* [What you have to do] Look for the word "Rear" in the entries below, then copy every line that has it.

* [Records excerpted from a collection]
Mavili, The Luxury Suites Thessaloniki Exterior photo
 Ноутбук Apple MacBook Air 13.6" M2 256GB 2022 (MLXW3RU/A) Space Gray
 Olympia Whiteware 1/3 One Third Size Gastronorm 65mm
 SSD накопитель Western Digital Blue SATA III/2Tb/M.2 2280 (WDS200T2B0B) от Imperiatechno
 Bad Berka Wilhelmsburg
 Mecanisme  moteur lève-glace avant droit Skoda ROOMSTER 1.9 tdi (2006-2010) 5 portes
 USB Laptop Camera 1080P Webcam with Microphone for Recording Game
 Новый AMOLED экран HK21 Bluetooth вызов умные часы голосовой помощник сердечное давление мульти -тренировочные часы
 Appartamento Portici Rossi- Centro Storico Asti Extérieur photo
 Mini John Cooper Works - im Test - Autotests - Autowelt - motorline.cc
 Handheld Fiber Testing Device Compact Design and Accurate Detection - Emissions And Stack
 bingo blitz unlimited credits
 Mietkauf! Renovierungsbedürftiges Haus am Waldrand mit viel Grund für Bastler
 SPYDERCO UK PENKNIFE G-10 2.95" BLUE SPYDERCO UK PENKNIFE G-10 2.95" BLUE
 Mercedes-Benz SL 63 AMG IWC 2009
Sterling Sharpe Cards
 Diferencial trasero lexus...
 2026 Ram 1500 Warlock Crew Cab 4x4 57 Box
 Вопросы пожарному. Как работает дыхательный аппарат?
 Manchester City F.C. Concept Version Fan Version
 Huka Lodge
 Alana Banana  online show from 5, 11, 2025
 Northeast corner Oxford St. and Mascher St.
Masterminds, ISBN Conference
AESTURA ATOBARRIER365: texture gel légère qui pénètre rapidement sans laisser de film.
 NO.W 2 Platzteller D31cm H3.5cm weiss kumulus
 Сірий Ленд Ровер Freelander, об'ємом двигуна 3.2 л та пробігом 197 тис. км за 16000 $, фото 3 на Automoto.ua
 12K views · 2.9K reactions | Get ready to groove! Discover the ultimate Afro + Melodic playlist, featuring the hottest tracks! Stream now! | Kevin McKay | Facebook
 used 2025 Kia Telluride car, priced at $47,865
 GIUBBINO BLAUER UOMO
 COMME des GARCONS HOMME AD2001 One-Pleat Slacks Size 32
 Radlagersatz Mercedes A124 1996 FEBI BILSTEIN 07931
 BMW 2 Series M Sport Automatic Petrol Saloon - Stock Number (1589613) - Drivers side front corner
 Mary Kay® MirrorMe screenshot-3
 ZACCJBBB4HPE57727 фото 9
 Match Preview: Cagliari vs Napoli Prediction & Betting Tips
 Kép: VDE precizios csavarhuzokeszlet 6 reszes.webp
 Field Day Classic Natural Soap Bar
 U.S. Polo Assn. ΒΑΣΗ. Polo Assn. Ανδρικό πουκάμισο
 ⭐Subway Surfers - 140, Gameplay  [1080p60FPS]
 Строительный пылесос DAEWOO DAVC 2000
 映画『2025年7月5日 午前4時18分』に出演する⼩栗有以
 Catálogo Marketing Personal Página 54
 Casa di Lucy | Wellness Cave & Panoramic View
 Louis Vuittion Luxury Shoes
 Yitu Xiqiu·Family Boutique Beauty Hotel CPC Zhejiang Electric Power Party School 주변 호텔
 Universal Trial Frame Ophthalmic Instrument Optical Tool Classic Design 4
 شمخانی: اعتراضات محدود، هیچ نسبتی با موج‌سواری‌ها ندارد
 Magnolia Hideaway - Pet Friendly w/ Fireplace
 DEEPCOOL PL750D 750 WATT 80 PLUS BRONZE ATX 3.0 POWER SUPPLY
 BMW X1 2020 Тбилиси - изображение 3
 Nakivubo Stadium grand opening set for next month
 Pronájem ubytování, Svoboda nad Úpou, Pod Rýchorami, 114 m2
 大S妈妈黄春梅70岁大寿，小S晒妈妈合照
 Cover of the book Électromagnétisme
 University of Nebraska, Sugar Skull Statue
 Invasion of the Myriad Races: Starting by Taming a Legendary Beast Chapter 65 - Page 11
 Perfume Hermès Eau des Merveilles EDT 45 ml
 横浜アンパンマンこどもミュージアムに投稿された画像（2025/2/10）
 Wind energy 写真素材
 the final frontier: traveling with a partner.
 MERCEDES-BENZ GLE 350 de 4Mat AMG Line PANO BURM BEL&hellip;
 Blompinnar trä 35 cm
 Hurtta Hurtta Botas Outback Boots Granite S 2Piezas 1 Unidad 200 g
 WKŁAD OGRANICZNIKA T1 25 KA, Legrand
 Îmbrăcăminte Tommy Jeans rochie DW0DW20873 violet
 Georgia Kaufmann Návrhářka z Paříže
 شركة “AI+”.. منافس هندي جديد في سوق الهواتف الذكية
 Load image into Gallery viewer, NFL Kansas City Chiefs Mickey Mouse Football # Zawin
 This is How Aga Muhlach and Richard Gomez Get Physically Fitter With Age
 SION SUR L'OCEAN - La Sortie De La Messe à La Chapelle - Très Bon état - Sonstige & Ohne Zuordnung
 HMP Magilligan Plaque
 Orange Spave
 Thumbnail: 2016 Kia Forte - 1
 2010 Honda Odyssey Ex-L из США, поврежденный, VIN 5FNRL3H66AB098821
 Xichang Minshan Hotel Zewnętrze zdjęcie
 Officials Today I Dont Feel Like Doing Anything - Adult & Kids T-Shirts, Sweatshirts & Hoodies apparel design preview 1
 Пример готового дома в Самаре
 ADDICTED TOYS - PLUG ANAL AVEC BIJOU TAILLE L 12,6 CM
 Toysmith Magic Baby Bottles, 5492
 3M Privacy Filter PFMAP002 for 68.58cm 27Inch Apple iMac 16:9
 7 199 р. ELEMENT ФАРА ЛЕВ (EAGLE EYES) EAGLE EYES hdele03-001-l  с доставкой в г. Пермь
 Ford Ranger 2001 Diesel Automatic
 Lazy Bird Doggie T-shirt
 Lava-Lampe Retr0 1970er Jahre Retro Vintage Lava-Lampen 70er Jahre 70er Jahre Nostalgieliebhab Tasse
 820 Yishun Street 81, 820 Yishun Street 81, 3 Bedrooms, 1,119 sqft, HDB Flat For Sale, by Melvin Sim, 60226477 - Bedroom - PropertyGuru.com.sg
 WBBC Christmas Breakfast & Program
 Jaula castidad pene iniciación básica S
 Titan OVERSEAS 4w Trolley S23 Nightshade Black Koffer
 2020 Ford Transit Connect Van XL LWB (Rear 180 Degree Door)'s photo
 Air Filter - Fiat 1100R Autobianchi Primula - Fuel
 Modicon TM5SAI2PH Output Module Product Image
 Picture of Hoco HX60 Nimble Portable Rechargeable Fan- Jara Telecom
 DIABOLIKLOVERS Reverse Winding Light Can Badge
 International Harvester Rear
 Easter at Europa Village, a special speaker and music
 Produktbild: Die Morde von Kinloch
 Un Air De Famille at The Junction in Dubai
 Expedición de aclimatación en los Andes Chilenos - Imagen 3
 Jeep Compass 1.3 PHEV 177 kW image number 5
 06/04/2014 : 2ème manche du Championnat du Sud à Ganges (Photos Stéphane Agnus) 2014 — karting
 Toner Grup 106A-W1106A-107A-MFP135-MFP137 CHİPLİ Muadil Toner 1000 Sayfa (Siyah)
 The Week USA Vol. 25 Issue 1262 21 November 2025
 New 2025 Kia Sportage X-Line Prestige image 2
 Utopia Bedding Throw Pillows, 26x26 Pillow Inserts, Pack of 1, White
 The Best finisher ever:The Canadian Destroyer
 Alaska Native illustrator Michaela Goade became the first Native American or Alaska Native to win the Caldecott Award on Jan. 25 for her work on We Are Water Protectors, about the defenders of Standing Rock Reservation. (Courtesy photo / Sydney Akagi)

* [Solution to the exercise]
 2020 Ford Transit Connect Van XL LWB (Rear 180 Degree Door)'s photo
 International Harvester Rear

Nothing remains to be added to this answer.